Amira à ses débuts à 7 ans au Goffertpark avec son père – Amira à 8 ans avec sa mère et son frère au Festival "Music makes Friends" – Amira et son père en 2020 – Amira

    Qui es-tu Amira ? A la base tu es un enfant aimé, il faut le souligner car ce qui devrait être un pléonasme ne l’est malheureusement pas. Mais quand on donne à sa fille un nom qui signifie “princesse” c’est qu’on attend pour elle le meilleur et ce serait plutôt l’idée d’un père qui aurait au passage pensé à Shéhérazade, une autre remarquée princesse par le talent et dont l’imagination a vaincu la mort. En même temps le nom d’Amira se fait plus discret, son origine n’est pas très évidente, il est court et très euphonique, et il est aussi l’anagramme de Maria ce qui ne sera pas sans importance symboliquement. Cela dit, à côté de la douleur insondable de l’enfant rejeté et maltraité, il y a la douleur tragique de l’enfant qui peine pour arriver à la hauteur des rêves qu’il a suscités. Mais quel chemin vers la gloire quand il en est capable ! Et c’est bien le chemin que suit Amira à qui sa mère a dit, se rendant à l’évidence, quand à 8 ans seulement son talent commençait à fleurir et faire l’unanimité : “tu seras célèbre !” Aujourd'hui Elle l’est tout à fait, et pourtant ce n’est que le début de la traversée de l’océan pour cette sirène qui a eu seize ans en 2020. Où va-t-elle nous entraîner ? Comment va-t-elle enchaîner les Ulysse que nous voudrions tous être pour se mesurer à l’enchanteresse Circé qui, comme le dit Homère, exerce son pouvoir par la voix et par le chant... lui céder dans la volupté pour mieux s’en libérer. Mais comment se libérer d’Amira quand on est tombé sous le charme ? Puisque ce mot (qui vient de “carmen”) se réfère au chant magique qui peut nous envoûter comme à la poésie qui peut nous séduire.

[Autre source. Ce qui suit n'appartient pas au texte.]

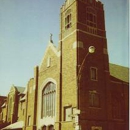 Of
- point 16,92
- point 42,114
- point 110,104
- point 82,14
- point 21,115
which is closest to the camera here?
point 110,104

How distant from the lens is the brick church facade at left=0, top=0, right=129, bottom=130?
16.0 metres

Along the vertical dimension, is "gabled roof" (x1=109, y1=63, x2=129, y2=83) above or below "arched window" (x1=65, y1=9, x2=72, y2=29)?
below

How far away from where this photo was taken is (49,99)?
19109 mm

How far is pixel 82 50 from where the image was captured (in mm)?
16844

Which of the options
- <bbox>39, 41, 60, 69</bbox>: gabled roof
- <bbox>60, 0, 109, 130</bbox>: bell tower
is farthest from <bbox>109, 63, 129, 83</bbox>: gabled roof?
<bbox>39, 41, 60, 69</bbox>: gabled roof

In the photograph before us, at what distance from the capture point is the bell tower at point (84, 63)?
1582 centimetres

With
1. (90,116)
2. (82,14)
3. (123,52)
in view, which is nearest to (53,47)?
(82,14)

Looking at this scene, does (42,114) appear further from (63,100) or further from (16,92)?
(16,92)

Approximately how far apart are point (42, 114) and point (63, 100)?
10.8 feet

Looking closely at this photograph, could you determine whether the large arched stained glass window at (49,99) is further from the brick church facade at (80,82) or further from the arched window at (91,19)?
the arched window at (91,19)

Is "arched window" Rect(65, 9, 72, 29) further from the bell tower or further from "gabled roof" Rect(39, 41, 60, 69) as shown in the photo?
"gabled roof" Rect(39, 41, 60, 69)

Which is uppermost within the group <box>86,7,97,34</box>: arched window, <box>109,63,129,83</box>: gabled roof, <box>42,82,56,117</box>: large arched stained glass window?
<box>86,7,97,34</box>: arched window

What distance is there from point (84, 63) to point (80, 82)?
1367mm

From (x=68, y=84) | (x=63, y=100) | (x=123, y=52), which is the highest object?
(x=123, y=52) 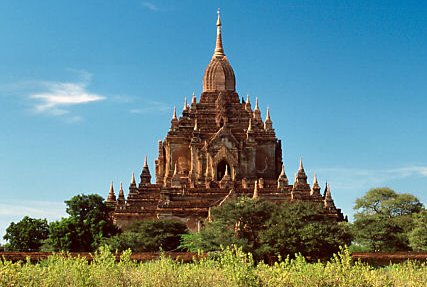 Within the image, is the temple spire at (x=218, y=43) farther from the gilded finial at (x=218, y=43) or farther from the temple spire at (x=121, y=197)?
the temple spire at (x=121, y=197)

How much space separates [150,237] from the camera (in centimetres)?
4134

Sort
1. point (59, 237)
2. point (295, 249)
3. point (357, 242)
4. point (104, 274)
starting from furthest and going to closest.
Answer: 1. point (357, 242)
2. point (59, 237)
3. point (295, 249)
4. point (104, 274)

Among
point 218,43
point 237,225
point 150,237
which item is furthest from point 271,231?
point 218,43

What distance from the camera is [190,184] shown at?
51.1 meters

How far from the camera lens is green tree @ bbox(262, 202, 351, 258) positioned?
36.4 m

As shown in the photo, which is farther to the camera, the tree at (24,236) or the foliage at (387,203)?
the foliage at (387,203)

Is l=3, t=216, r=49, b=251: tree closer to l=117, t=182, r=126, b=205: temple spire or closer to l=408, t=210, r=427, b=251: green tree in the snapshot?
l=117, t=182, r=126, b=205: temple spire

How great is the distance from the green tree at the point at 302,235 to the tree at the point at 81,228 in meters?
10.6

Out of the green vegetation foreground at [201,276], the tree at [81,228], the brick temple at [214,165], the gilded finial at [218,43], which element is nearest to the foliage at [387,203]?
the brick temple at [214,165]

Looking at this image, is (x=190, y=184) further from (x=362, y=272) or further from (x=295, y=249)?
(x=362, y=272)

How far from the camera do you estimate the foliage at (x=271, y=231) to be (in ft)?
119

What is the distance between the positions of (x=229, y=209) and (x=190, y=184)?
12.1m

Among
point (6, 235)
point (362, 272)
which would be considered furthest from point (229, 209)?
point (362, 272)

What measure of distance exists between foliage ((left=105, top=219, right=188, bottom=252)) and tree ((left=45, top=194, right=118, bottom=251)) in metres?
1.60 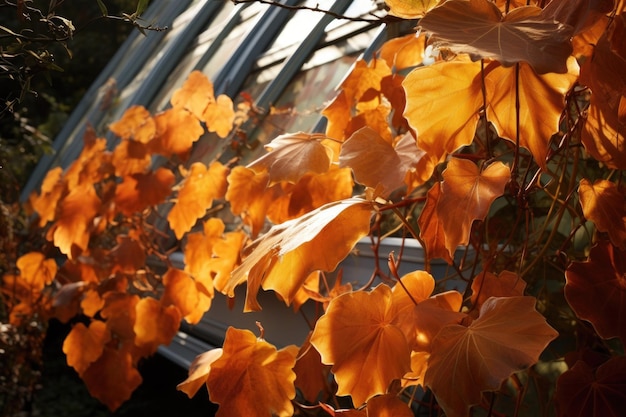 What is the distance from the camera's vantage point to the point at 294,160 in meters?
1.34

    La partie émergée de l’iceberg est au départ une voix extraordinaire. Une voix de cristal, totalement pure, sans aucune irrégularité, qui coule comme une eau limpide, qui se déroule comme un fil de soie magique, d’une finesse et d’une solidité extrême, tirant derrière lui un velouté vocal incomparable qui fait frissonner et va jusqu’à faire jaillir des larmes. Alors on imagine sans peine l’anatomie qui donne naissance à cet organe. Mais la voix ce n’est pas seulement de belles cordes vocales, tels des pétales de rose mouillés de rosée, et le souffle qui les fait vibrer. Elles vibrent aussi par la force du cœur placé au sommet des tous les muscles. Et le cœur de cette cantatrice ne peut battre que par l’esprit qui l’anime. Un esprit si musical qu’il se nourrit de la mélodie comme d’un nectar... Mais l’appareil phonatoire n’existe pas sans l’appareil auditif. Ce sont les cils vibratiles tapis au fond de l’oreille interne qui captent les sons pour les transmettre au cerveau par le nerf auditif et ce sont eux, in fine, qui nous font vibrer à l’écoute de la musique. Alors le phénomène qu’est la voix d’Amira est aussi celui de son oreille mais aussi du système nerveux qui, par-dessus tout, pilote ses organes et ses muscles y compris bien sûr son cœur, un réseau de neurones d’une taille, d’une densité, d’une complexité, d’une vélocité et d’une richesse inouïes. C’est aussi l’histoire du développement d’un enfant aux qualités prodigieuses.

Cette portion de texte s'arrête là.